[英]JS regex match, condition without capturing
I need to capture number after 'id-odes=' but only number without this phrase. 我需要在'id-odes ='之后捕获数字,但只有没有这个短语的数字。 I wrote something like this 我写了这样的东西
"id-odes=50388635:id-odes=503813535:id-odes=50334635"
.match(/(?:id-odes=)([0-9]*)/g);
but it returns 但它回来了
["id-odes=50388635", "id-odes=503813535", "id-odes=50334635"]
instead of 代替
[50388635, 503813535, 50334635]
Please help and explain why my way doesn't work properly. 请帮助解释为什么我的方式无法正常工作。 Thanks 谢谢
If you want to iterate over the matches then you can use something like: 如果你想迭代匹配,那么你可以使用类似的东西:
s = "id-odes=50388635:id-odes=503813535:id-odes=50334635"
re = /(?:id-odes=)([0-9]*)/
while (match = re.exec(s))
{
console.log(match[1]); // This is the number part
}
Assuming the whole string is in exactly this format you can of course use "id-odes=50388635:id-odes=503813535:id-odes=50334635".match(/[0-9]+/g)

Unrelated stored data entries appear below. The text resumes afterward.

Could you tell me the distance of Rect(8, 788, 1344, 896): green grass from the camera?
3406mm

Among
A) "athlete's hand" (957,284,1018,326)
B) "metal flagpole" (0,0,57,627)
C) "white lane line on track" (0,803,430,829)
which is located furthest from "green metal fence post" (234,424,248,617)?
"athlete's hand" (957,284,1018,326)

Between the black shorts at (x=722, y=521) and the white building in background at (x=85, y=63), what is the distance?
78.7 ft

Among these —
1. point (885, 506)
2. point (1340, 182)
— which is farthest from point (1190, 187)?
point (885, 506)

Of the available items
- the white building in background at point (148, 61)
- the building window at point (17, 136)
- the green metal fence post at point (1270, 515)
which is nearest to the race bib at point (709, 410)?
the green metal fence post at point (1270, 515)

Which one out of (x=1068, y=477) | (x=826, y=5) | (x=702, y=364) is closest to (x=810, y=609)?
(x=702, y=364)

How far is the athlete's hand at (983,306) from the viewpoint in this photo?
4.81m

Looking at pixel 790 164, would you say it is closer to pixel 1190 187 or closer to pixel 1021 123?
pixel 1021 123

but that of course breaks if there are any other numbers in the string. 假设整个字符串都是这种格式,你当然可以使用"id-odes=50388635:id-odes=503813535:id-odes=50334635".match(/[0-9]+/g)
但当然如果字符串中有任何其他数字则中断。
Explanation why .match(/(?:id-odes=)([0-9]*)/g);
解释原因.match(/(?:id-odes=)([0-9]*)/g);
gives you the wrong result is quite simple: You get back everything that the regex matched, regardless of capturing groups. 给你错误的结果非常简单:无论捕获组如何,你都可以获得正则表达式匹配的所有内容。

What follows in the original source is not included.